[[ EXCERPTED DATA, beginning ]]

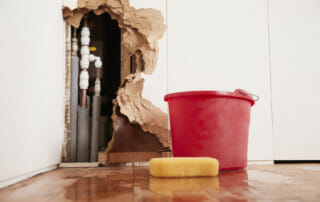 Water Damage Restoration - Bucket and Sponge next to Wall with Water Damage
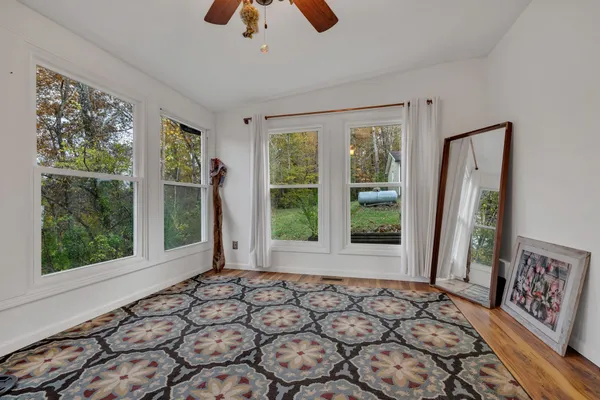 a view of a bedroom with wooden floor and a window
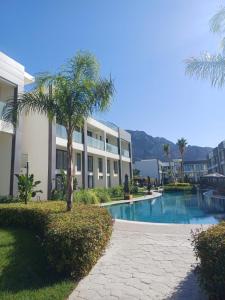a building with a swimming pool in front of a building at Fabulous Studio at stunning Palmera Resort on Medditerranean coast in Karavas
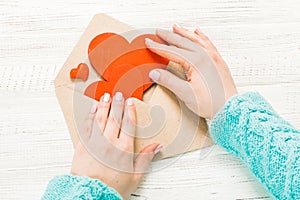 Hand of girl writing love letter on Saint Valentines Day. Handmade postcard with red heart shaped figure. 14 February holiday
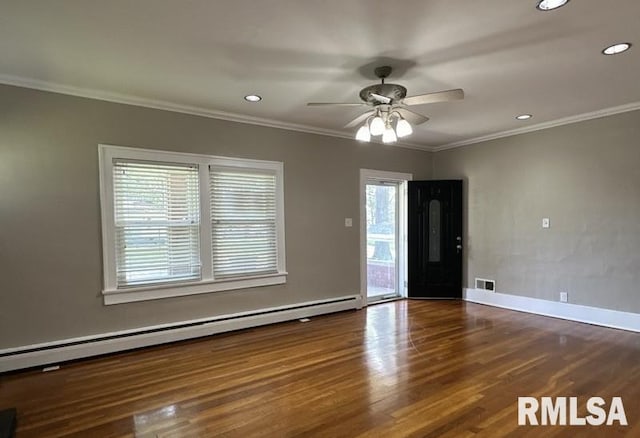 empty room with ceiling fan, baseboard heating, ornamental molding, and wood-type flooring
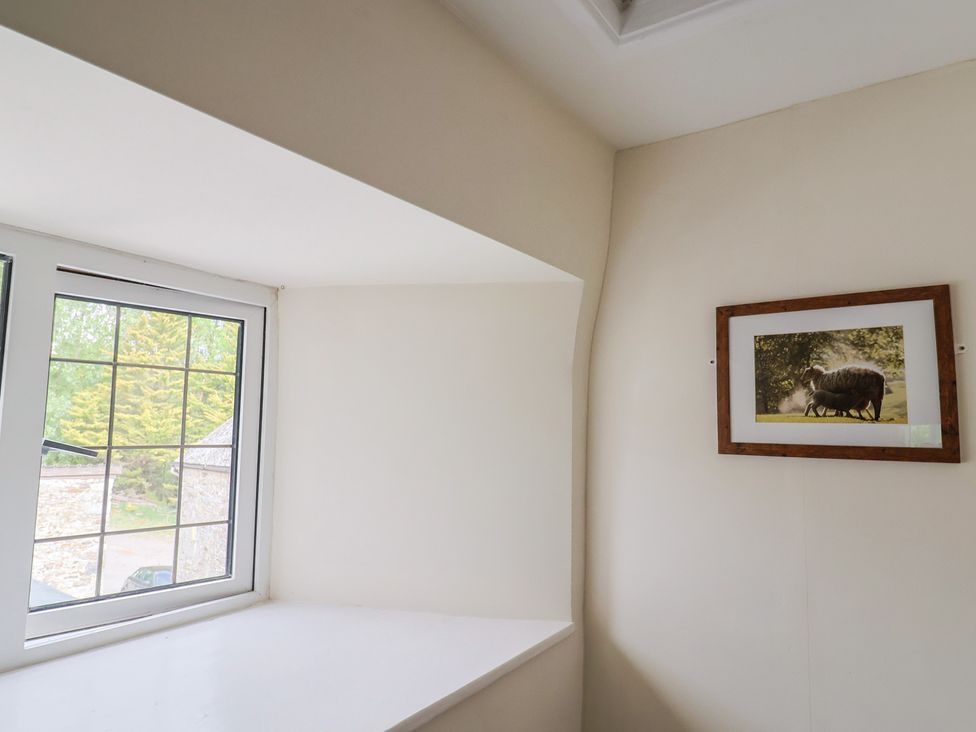 A room with a window and a picture frame at Ellishayes Farm in Combe Raleigh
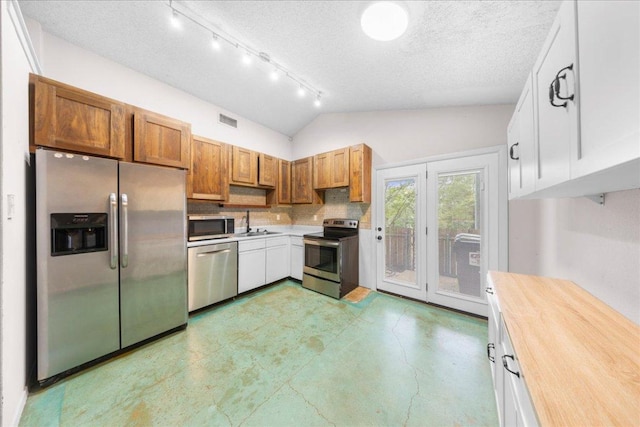 1015 E Yager Ln Unit 187, Austin, TX 78753 - kitchen featuring stainless steel appliances, a textured ceiling, a sink, tasteful backsplash, and lofted ceiling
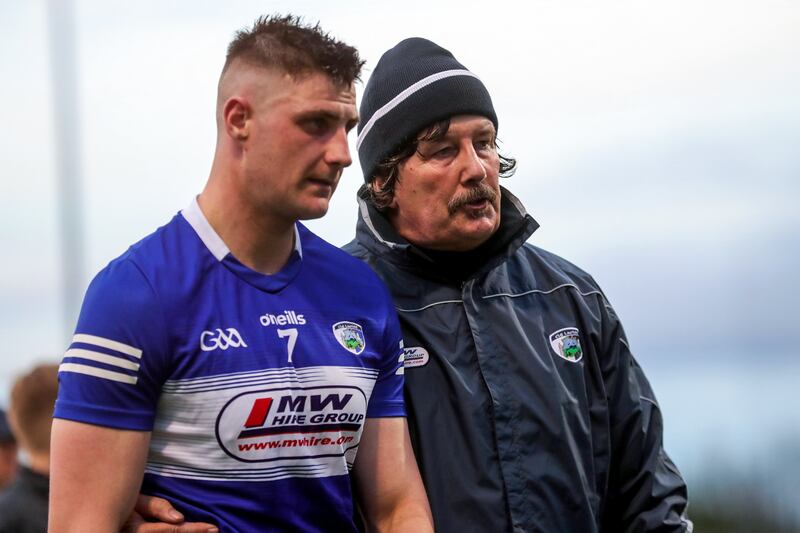 Laois manager Seamus Plunkett with Ryan Mullaney after Leinster Senior Hurling Championship. Photograph: Ben Whitley/Inpho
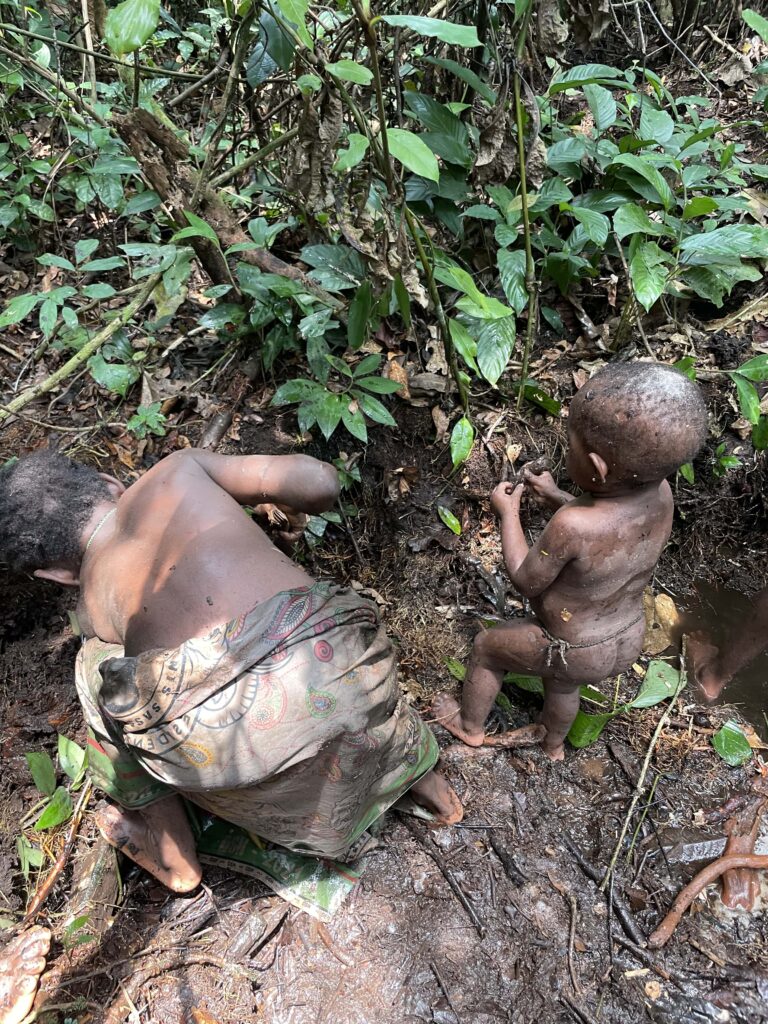 Two small children fish amid dense trees and brush.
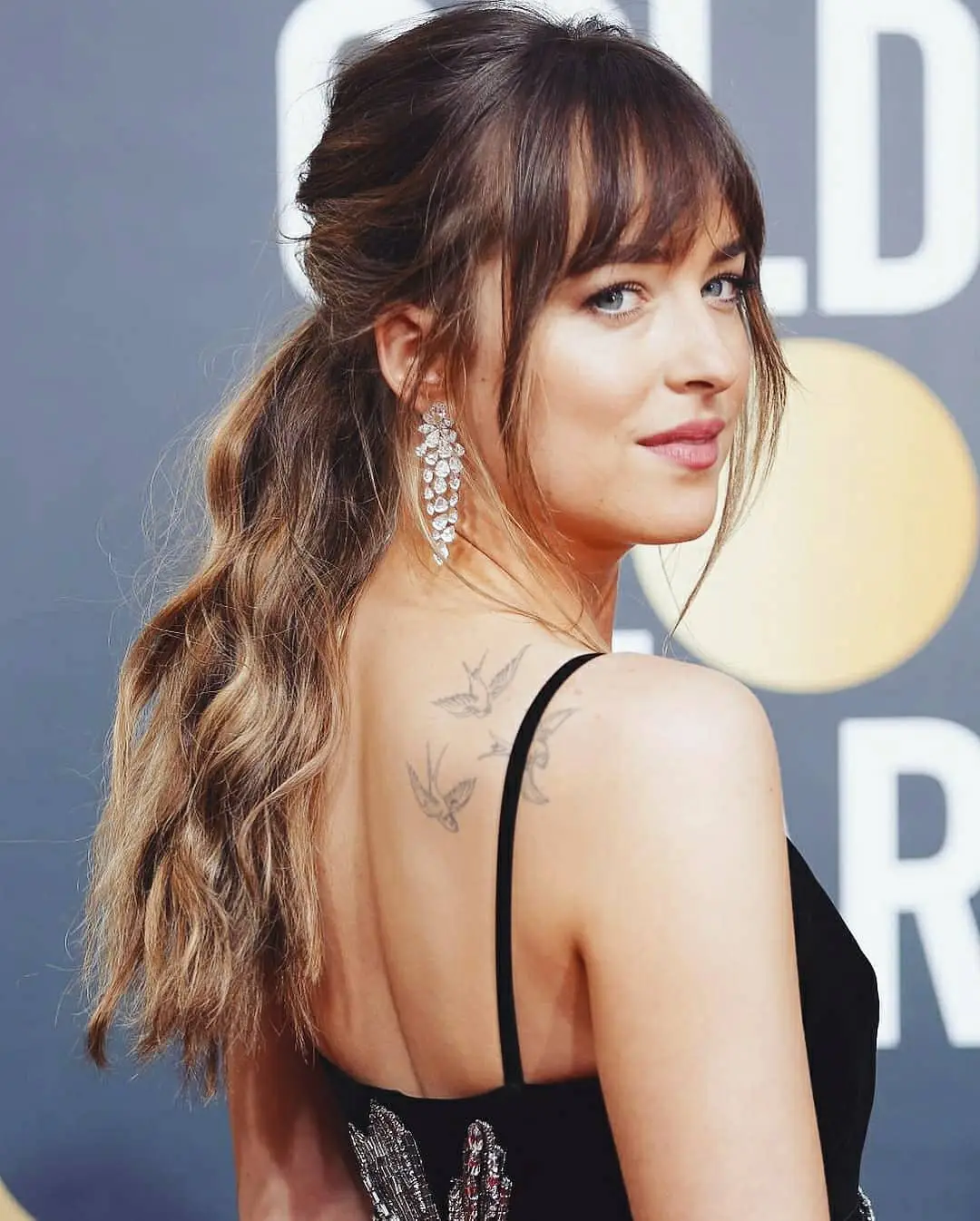 #20. Loose Wavy Ponytail with Wispy Bangs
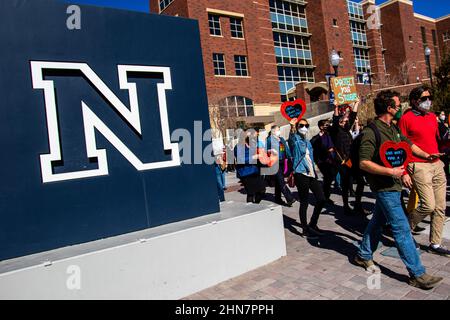 Reno, Usa. 14th. Februar 2022. Studenten marschieren während der Demonstration an einem Campus-Schild vorbei.Studenten versammelten sich am Valentinstag zu einem Protest, um ihre Universität zu bitten, das Maskenmandat wieder einzusetzen, nachdem es am 10th. Februar vom Gouverneur von Nevada, Steve Sisolak, entfernt wurde. Kredit: SOPA Images Limited/Alamy Live Nachrichten Stockfoto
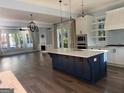 Open-concept kitchen featuring a large blue island, stainless steel appliances, and hardwood floors at 10583 Serenbe Ln, Palmetto, GA 30268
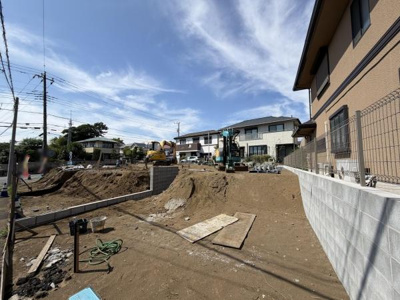 日当たりが期待できる現地土地写真です。前面道路との高低差があるためプライバシーも保ちやすい環境となります。建築プランの自由度も幅広く対応可能です。周辺には住宅が立ち並び落ち着いた雰囲気が感じられます。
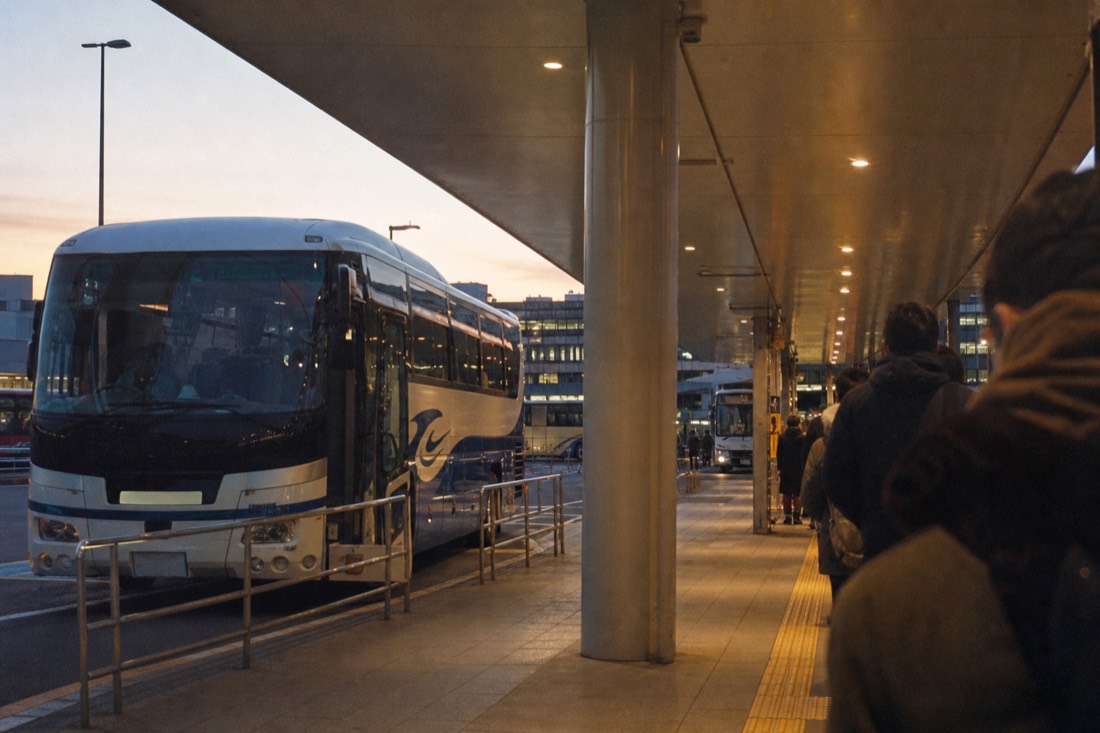 Highway bus waiting at a Tokyo terminal bay before the Fuji-Q run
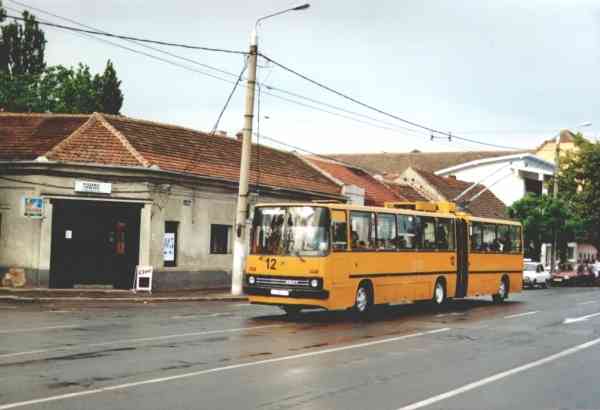 Former Eberswalde articulated trolleybus no. 020 of the Hungarian type Ikarus 280.93 in Timisoara/RO with the car no. 12 on 31 May 2001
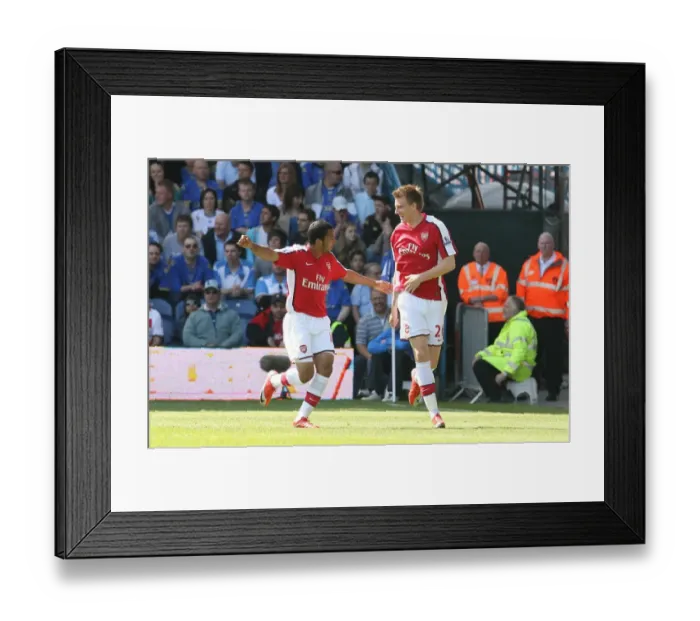 Framed Print : Bendtner and Walcott: Celebrating Arsenal's First Goal in a 4-0 Victory over Portsmouth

[[ EXCERPTED DATA, end ]]

__ASSIGNMENT__
Exactly as they stand, set down all of the entries above, minus every picture.

__RESPONSE FOR THIS EXERCISE__
 Water Damage Restoration - Bucket and Sponge next to Wall with Water Damage
 a view of a bedroom with wooden floor and a window
a building with a swimming pool in front of a building at Fabulous Studio at stunning Palmera Resort on Medditerranean coast in Karavas
 Hand of girl writing love letter on Saint Valentines Day. Handmade postcard with red heart shaped figure. 14 February holiday
 empty room with ceiling fan, baseboard heating, ornamental molding, and wood-type flooring
 A room with a window and a picture frame at Ellishayes Farm in Combe Raleigh
 1015 E Yager Ln Unit 187, Austin, TX 78753 - kitchen featuring stainless steel appliances, a textured ceiling, a sink, tasteful backsplash, and lofted ceiling
 Laois manager Seamus Plunkett with Ryan Mullaney after Leinster Senior Hurling Championship. Photograph: Ben Whitley/Inpho
 Two small children fish amid dense trees and brush.
 #20. Loose Wavy Ponytail with Wispy Bangs
 Reno, Usa. 14th. Februar 2022. Studenten marschieren während der Demonstration an einem Campus-Schild vorbei.Studenten versammelten sich am Valentinstag zu einem Protest, um ihre Universität zu bitten, das Maskenmandat wieder einzusetzen, nachdem es am 10th. Februar vom Gouverneur von Nevada, Steve Sisolak, entfernt wurde. Kredit: SOPA Images Limited/Alamy Live Nachrichten Stockfoto
 Open-concept kitchen featuring a large blue island, stainless steel appliances, and hardwood floors at 10583 Serenbe Ln, Palmetto, GA 30268
 日当たりが期待できる現地土地写真です。前面道路との高低差があるためプライバシーも保ちやすい環境となります。建築プランの自由度も幅広く対応可能です。周辺には住宅が立ち並び落ち着いた雰囲気が感じられます。
 Highway bus waiting at a Tokyo terminal bay before the Fuji-Q run
 Former Eberswalde articulated trolleybus no. 020 of the Hungarian type Ikarus 280.93 in Timisoara/RO with the car no. 12 on 31 May 2001
 Framed Print : Bendtner and Walcott: Celebrating Arsenal's First Goal in a 4-0 Victory over Portsmouth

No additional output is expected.